# ---------------------------------------------------------------------------------------------------------------------
"""
Author: Raphael Andreas Elbing
Last Modified: 25/08/2022
License: This work is licensed under a Creative Commons Attribution-ShareAlike 4.0 International (CC BY-SA 4.0) License.
"""
# --------------------------------------------------------------------------------------------------------------------
"""This file contains multiple function. One function to create an empty excel file to support model users to create
an input file according to their needs. Furthermore, all functions needed to create the random values as used in 
the Monte Carlo simulations are in this file."""

import scipy.stats
import numpy as np
import pandas as pd


# Excel file creator ------------------------------------------------------------------------------------------
def input_file_creator(product_categories, category_for_reuse, products, considered_use_cycles, file_name):
    """
    The function creates and saves a plank excel file entailing sheets and columns needed to run the Reuse-MaTrce model.
    :param product_categories: list of product categories
    :param category_for_reuse: string product category to be considered in reuse model (must be in product_categories)
    :param products: list of products present in reuse part of matrace model
    :param considered_use_cycles: integer number of considered use cycles
    :param file_name: string name of created file WITHOUT file ending
    :return: None
    """
    # Bring product categories list in right order
    index_category_for_reuse = product_categories.index(category_for_reuse)

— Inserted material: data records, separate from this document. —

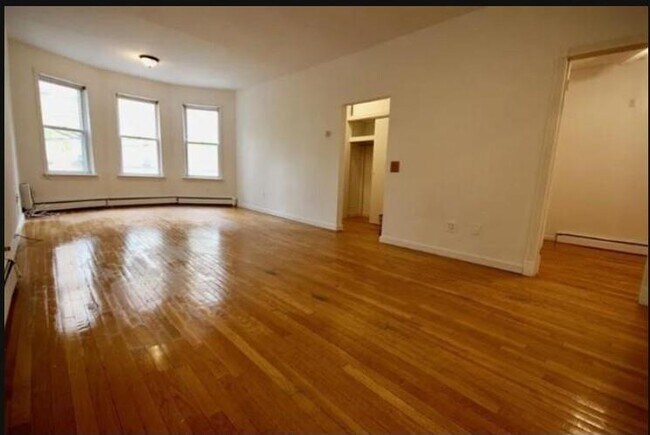 Foto del edificio - 204 Sherman Ave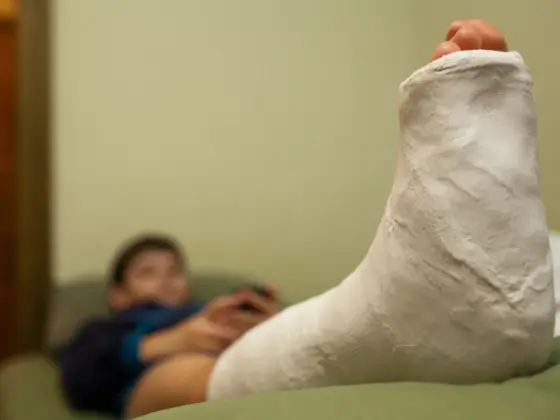 Relatyv - Bone Fracture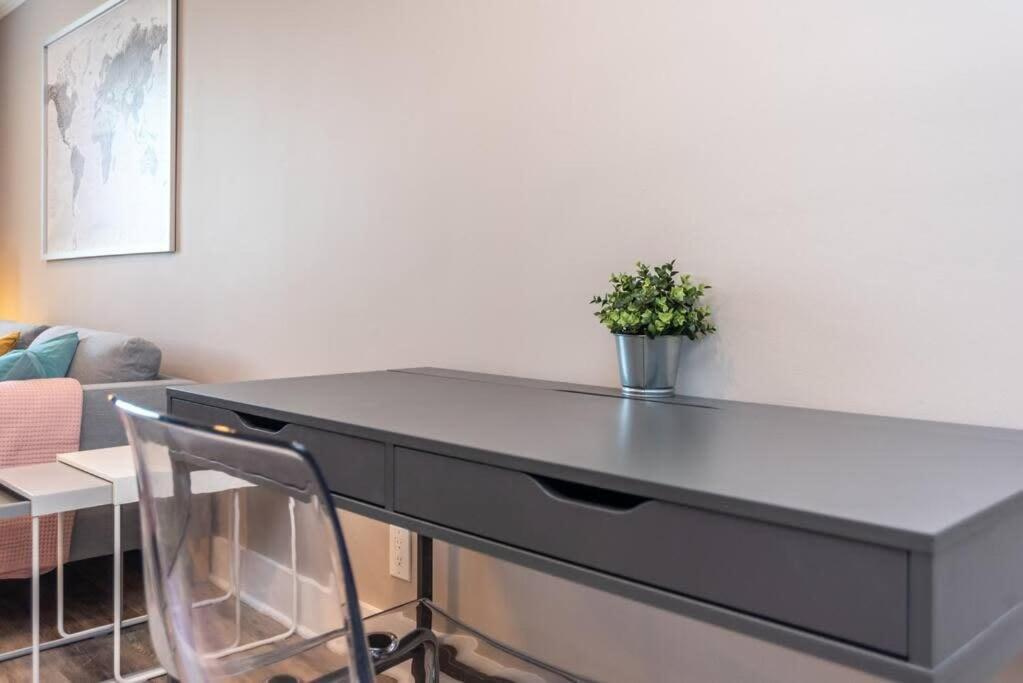 Vakantiehuis Downtown 18th Fl! View& Onsite Parking Lm1807 *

    product_categories = [category_for_reuse] + product_categories[:index_category_for_reuse] + product_categories[
                                                                                                index_category_for_reuse + 1:]

    # get sheet names
    data_sheets = pd.ExcelFile('data_model/basic_file_structure.xlsx').sheet_names

    list_pandas = []
    new_sheet_names = []

    # populate pandas
    for sheet_name in data_sheets:

        # Treat MaTrace sheets
        if sheet_name.split('_')[0] == 'MaTrace':
            new_sheet_names.append(sheet_name)

            sheet_pd = pd.read_excel('data_model/basic_file_structure.xlsx', sheet_name=sheet_name)

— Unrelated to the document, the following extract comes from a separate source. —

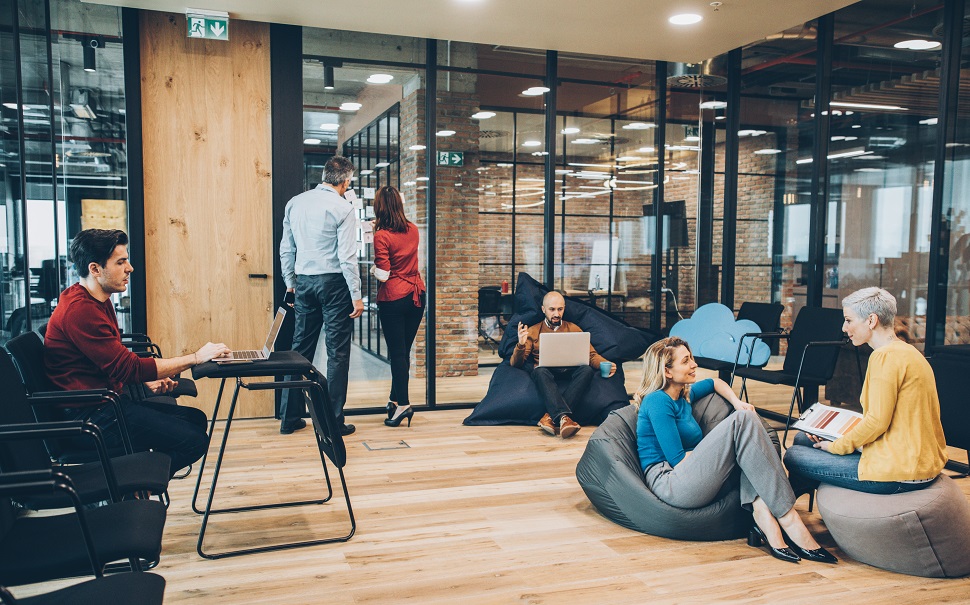 Flexibel einsetzbarer Büroraum mit Sitzmöglichkeiten zum Arbeiten und Entspannen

            # Add categories
            sheet_pd['Product categories'] = product_categories

            # Add sheet to list
            list_pandas.append(sheet_pd)

        else:

            if sheet_name.split('_')[1] == 'inflow':
                new_sheet_names.append(sheet_name)

                sheet_pd = pd.read_excel('data_model/basic_file_structure.xlsx', sheet_name=sheet_name)

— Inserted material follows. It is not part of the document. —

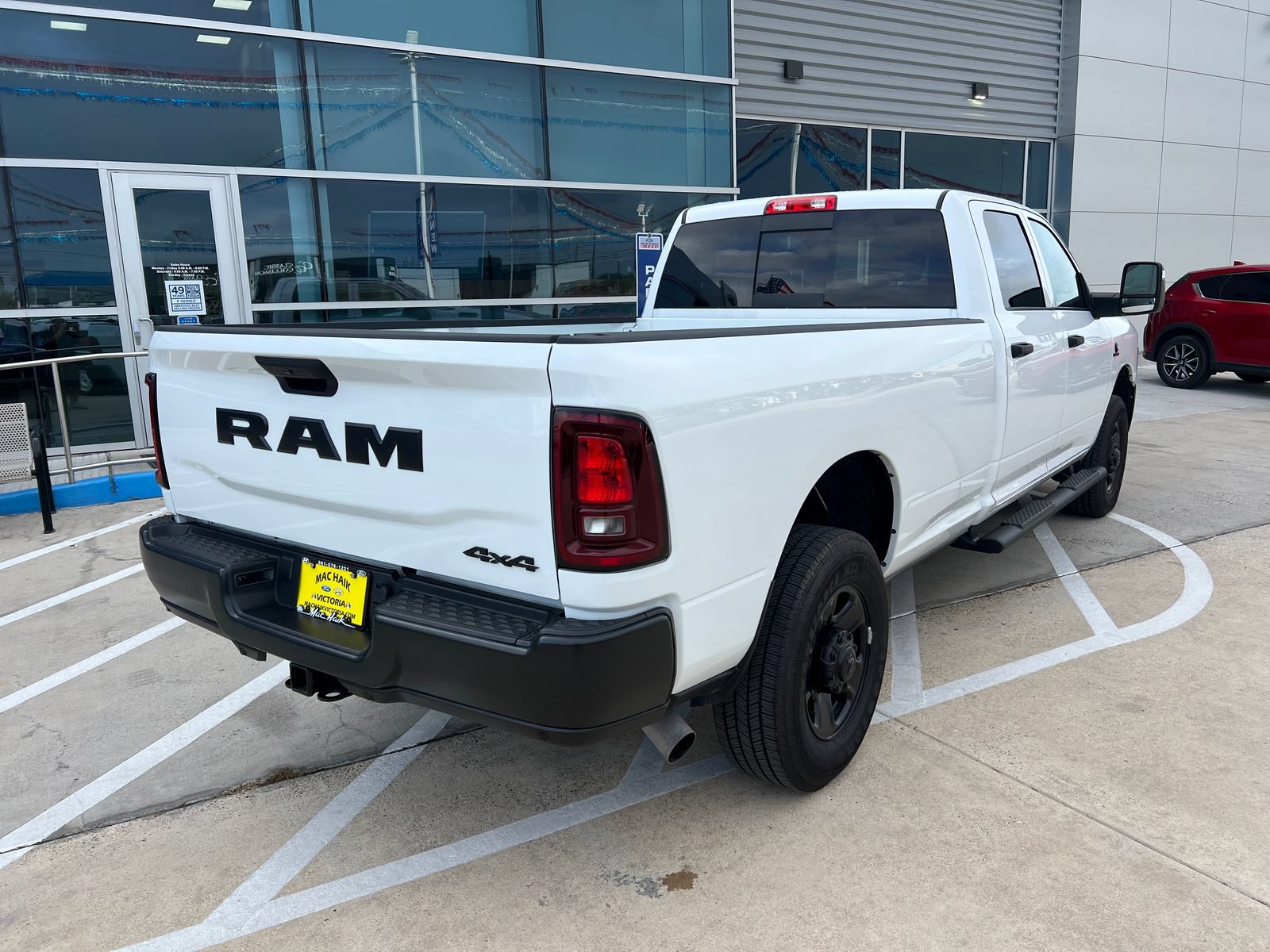 Used 2025 RAM 3500 Tradesman AWD/4WD image 3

                # Add categories
                sheet_pd['Products'] = products

                # Add sheet to list
                list_pandas.append(sheet_pd)

            else:

                for i in range(considered_use_cycles):
                    current_cycle = i + 1

                    sheet_pd = pd.read_excel('data_model/basic_file_structure.xlsx', sheet_name=sheet_name)

                    if current_cycle < considered_use_cycles:
                        sheet_pd['Products'] = products

                        list_pandas.append(sheet_pd)
                        new_sheet_names.append(sheet_name + str(current_cycle))

                    else:
                        sheet_pd['Products'] = products

                        if sheet_name.split('_')[1] == 'service':
                            sheet_pd = sheet_pd.loc[:,
                                       ['Products', 'distribution', 'location', 'scale', 'shape', 'to_storage',
                                        'to_disposal']]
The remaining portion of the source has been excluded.